Dhannoo Mistry had the impudence to tell me that it shall remain low as they had gone on go slow and the question of restoring the normal speed did not arise. Finding Dhannoo Mistry's attitude as it was, I went with the Shift Engineer Mr. Mukherji to Swarath Singh who was at the Mill Engine and Hardeo Singh who was at the Cane Carrier Clutch, and asked them to restore normal speed immediately.................. They paid no heed to my orders and were determined to continue the go slow." It is important to notice that of the persons named by this witness as having taken an active part-by which he obviously meant an active part in moving about the factory announcing the commencement of the go slow-Baijnath Singh 1 and Ramdeo Singh 695 were both engaged in the Evaporator section, Baijnath being an Evaporator Cooly while Ramdeo Singh being an Evaporator Reliever; Harikishan Kuer was an Assistant Panman while Baldeo and Nagendranath Prasad were Engine men, Baldeo being an Assistant Fitter and Nagendranath being a Pitter.

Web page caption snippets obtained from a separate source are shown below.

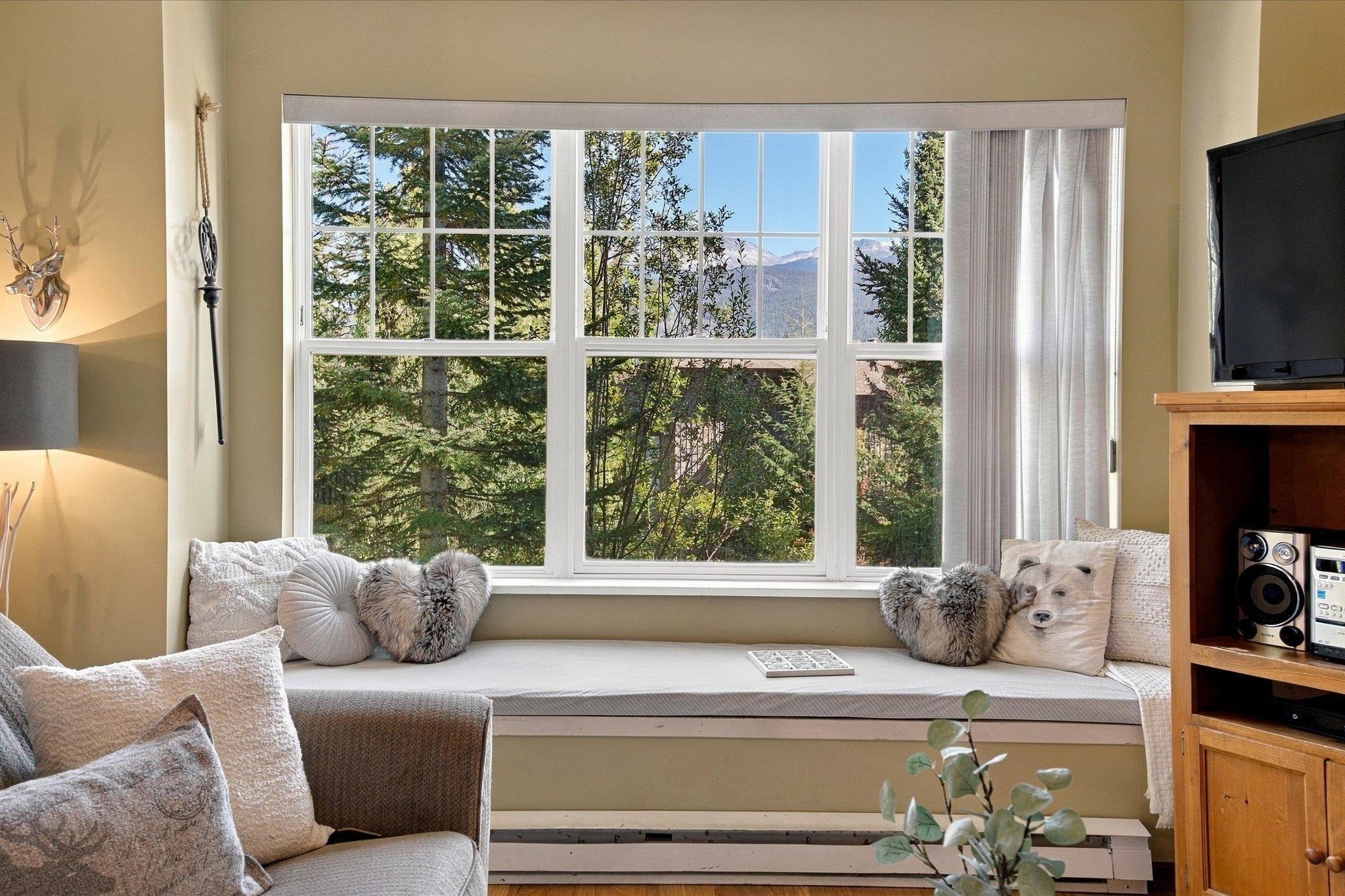 103-3300 Ptarmigan Place, Whistler, BC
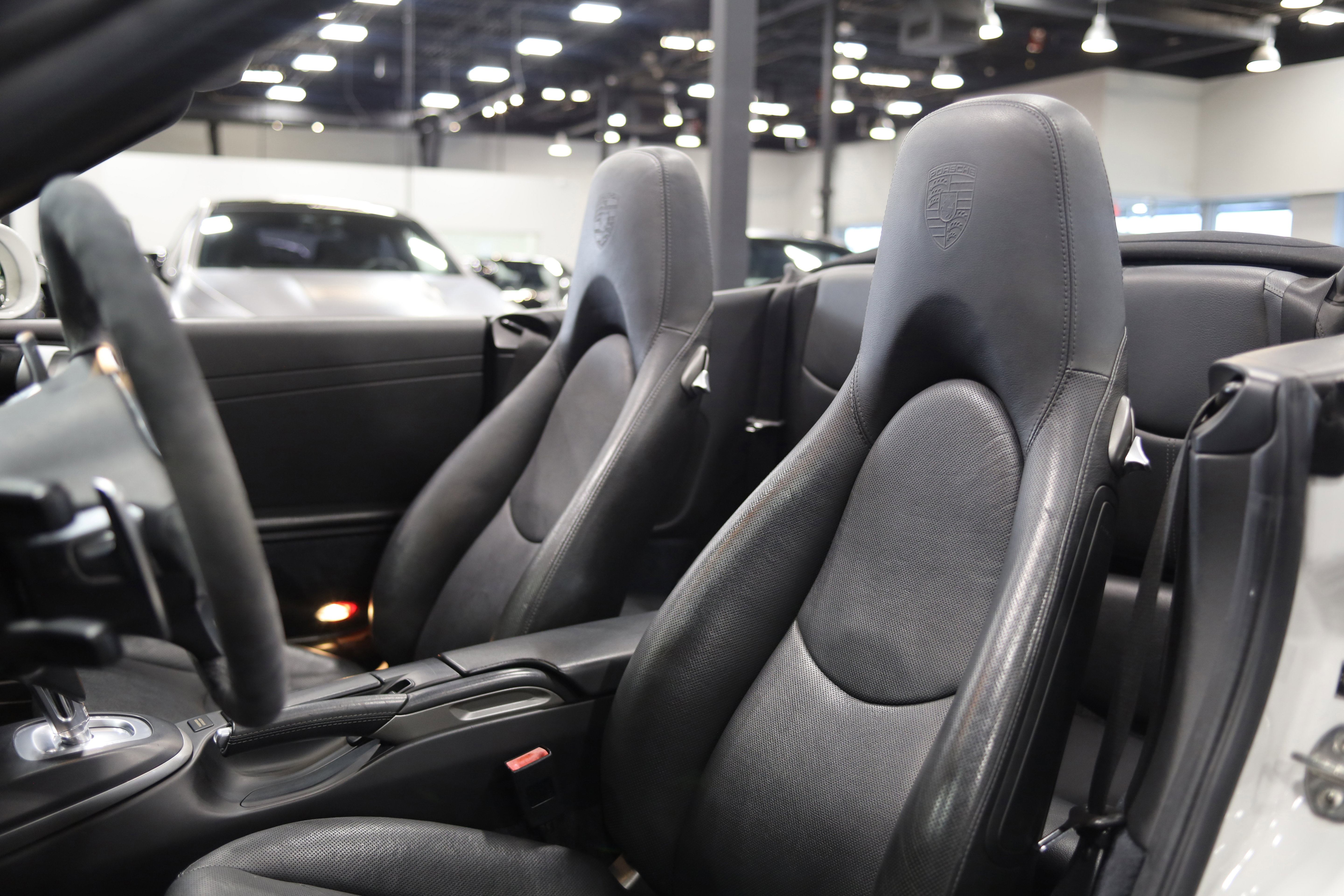 Used 2010 Porsche 911 Carrera 4S image 17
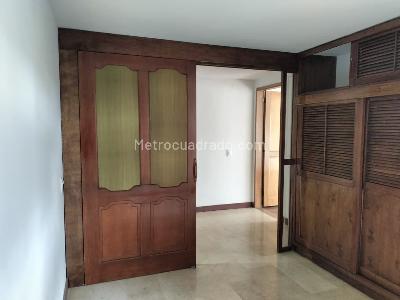 Apartamento de 3 alcobas en venta en El Poblado, Medellín, 200 m² · foto 8 de 18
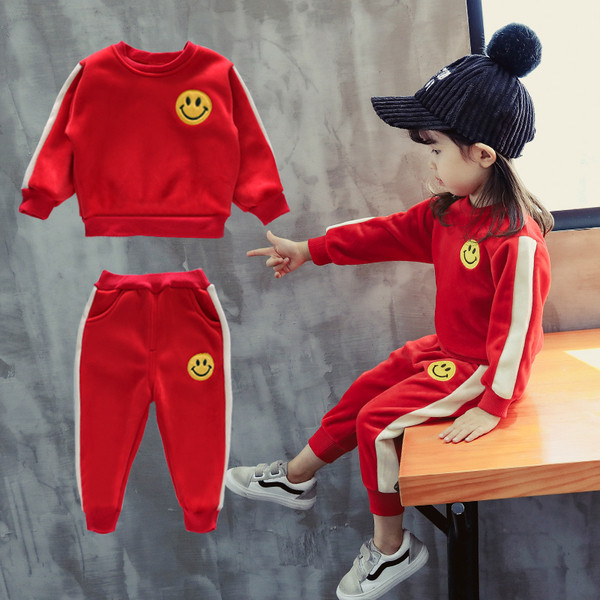 Aktuális gyerekszett lányoknak három színben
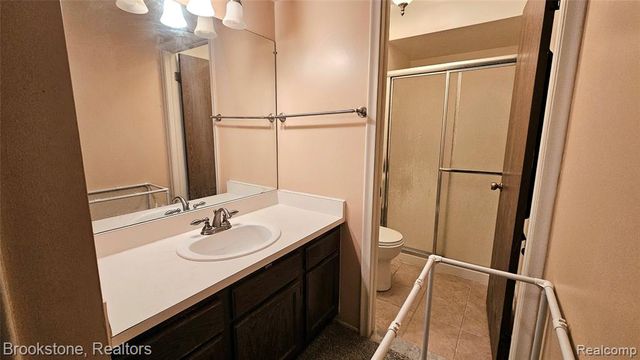 24153 Evergreen Road, Southfield, MI 48075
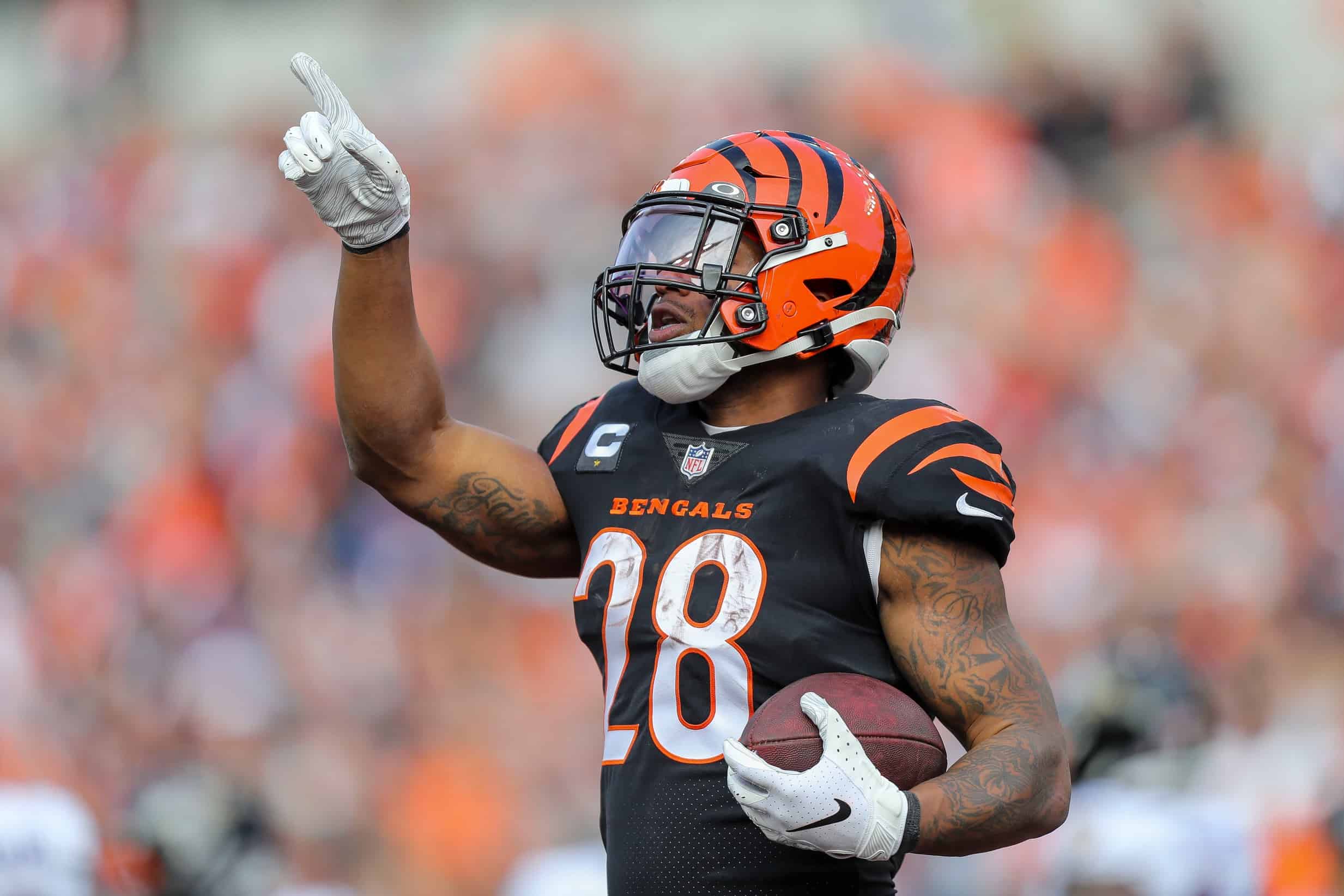 Samaje Perine fantasy football, DFS outlook: What to do with the Bengals RB  in the Wild Card Round - DraftKings Network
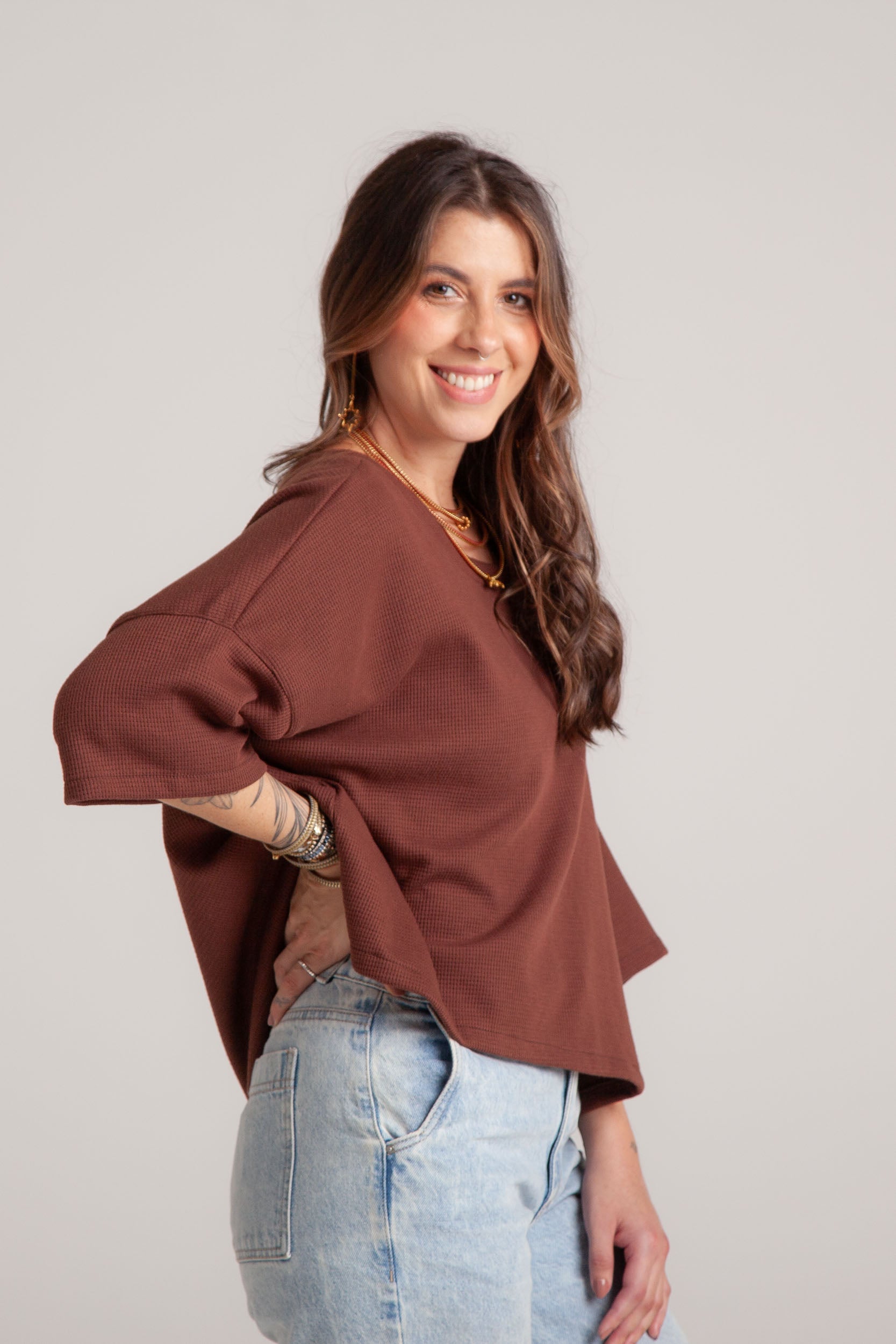 Blusa Mariposa tela de ribs manga 3/4 - Marrón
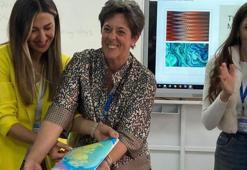 Yabancı öğrenciler ebru çalışması yaptı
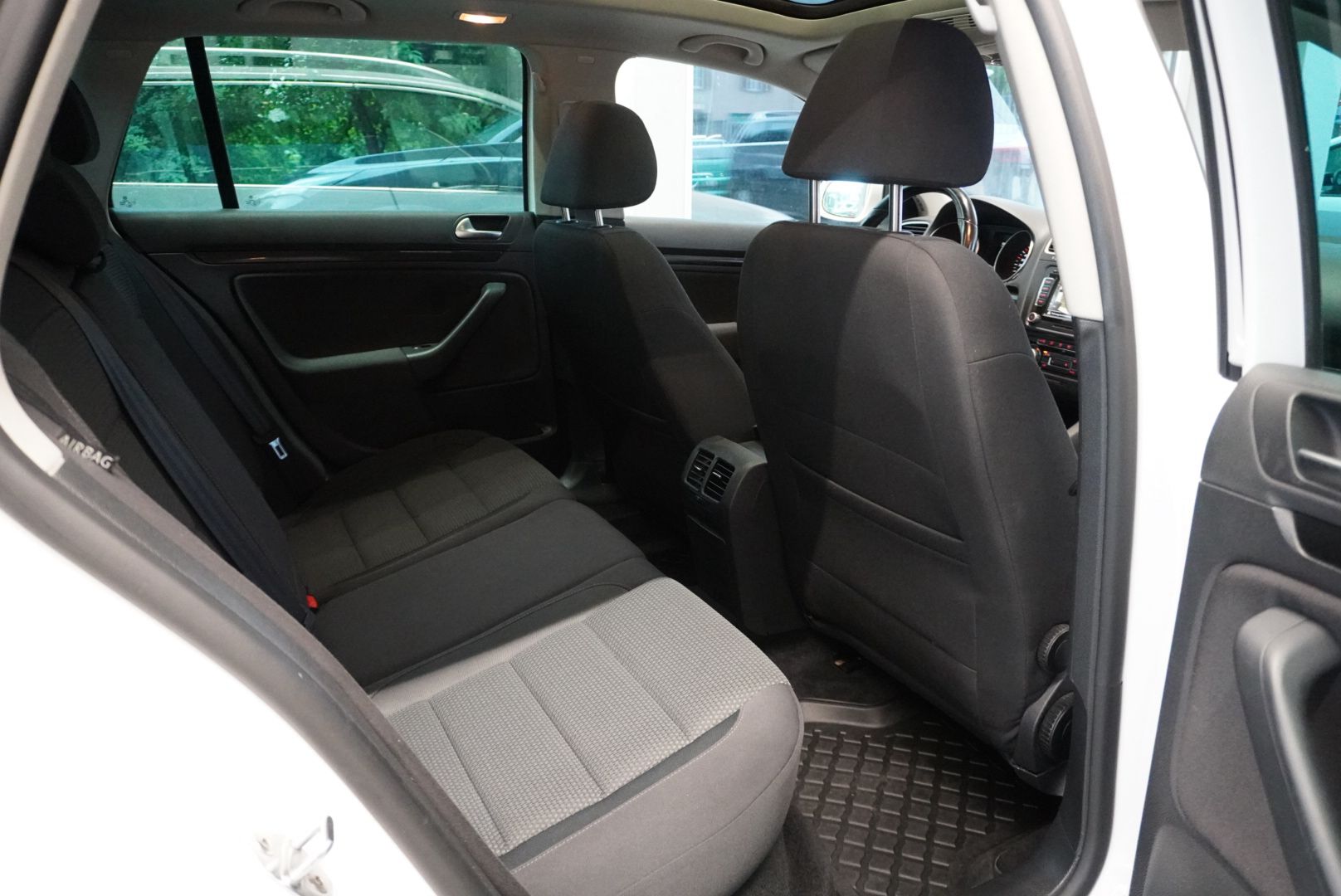 VW Golf Variant 1.4 TSI Comfortline-image-12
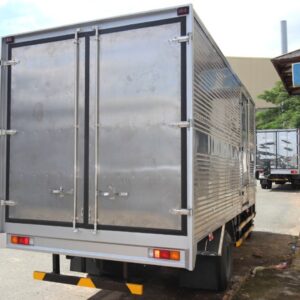 Alternative view of Xe Tải Fuso Canter 8.2HD 5 Tấn Thùng Kín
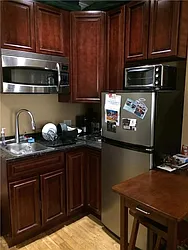 Rented by R New York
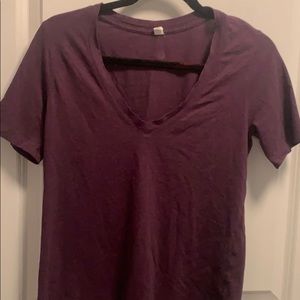 Lululemon v-neck T-shirt, size 6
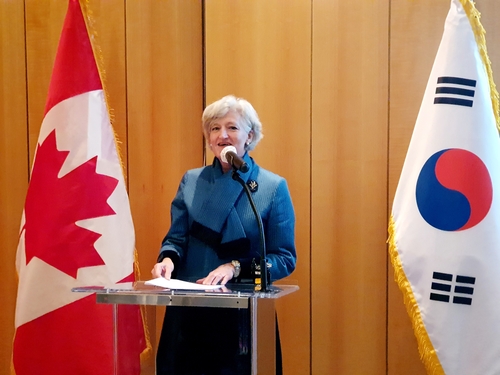 La chargée d'affaires ad interim de l'ambassade du Canada à Séoul, Tamara Mawhinney, lors de la réception du 60e anniversaire des relations diplomatiques entre la Corée du Sud et le Canada dans la salle Schofield de la mission diplomatique canadienne, le jeudi 12 janvier 2023.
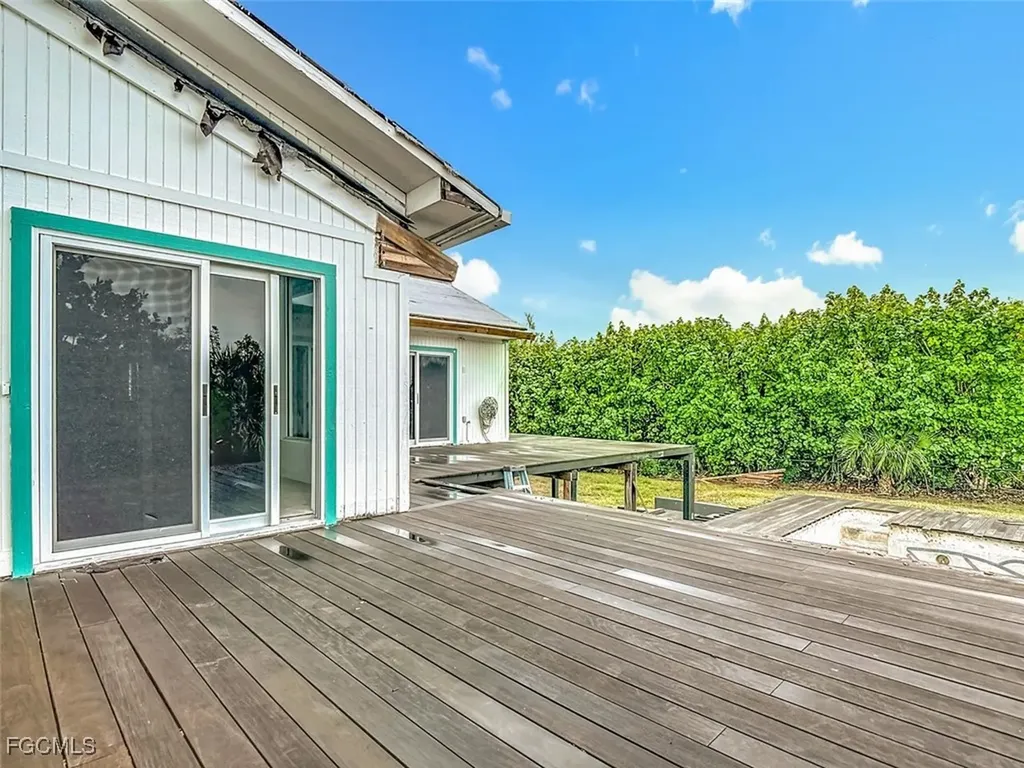 497 Lake Murex Circle Sanibel FL 33957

We have no hesitation in believing as correct these statements made by the Chief Engineer in his report made on February 13. There can be no doubt therefore that Swarath Singh, Hardeo Singh and Dhannoo actually participated in the go slow. As regards Harikishan Kuer, Baijnath, Ramdeo and Nagendranath and Baldeo we have to remember that it is not disputed that there was in fact a go slow in the different jobs on which these men were engaged. If they had not been proved to have taken an active part in promoting the go slow, there may have been some scope for saying that the go slow in their jobs was the consequence of the go slow at the Donga and not deliberate go slow on their part. When however we find that these persons were active in asking other workmen to go slow, they cannot be reasonably heard to say that the go slow in their own jobs was not deliberate on their part. The Tribunal was in our opinion clearly in error in thinking that the go slow in the jobs where these persons were engaged was merely the result of the go slow at the Donga end and not deliberate go slow on their part. In our opinion, the evidence of Ishwari Dayal definitely establishes that these several persons, Harikishan Kuer, Baijnath Singh, Ramdeo Singh, Nagendranath Prasad, Baldeo,- Dhannoo Mistry, Sawarath Singh and Hardeo Singh did actually participate in delaying production.

The Chief Chemist, A. N. Kapur, submitted to the Secretary one report on February 12, 1955 and ,two more reports on February 13. In the first report he said that having received information at about 9.30 A. m. that Gulab Singh, Evaporatorman, 696 was inciting persons who were doing periodical cleaning of the Evaporators that day that they should do the cleaning slowly as if the "go-slow" had already started in their case, he immediately went to the Evaporators and questioned Gulab Singh about his alleged conduct and that Gulab Singh ultimately admitted that it was true but that he had merely been saying what others had decided.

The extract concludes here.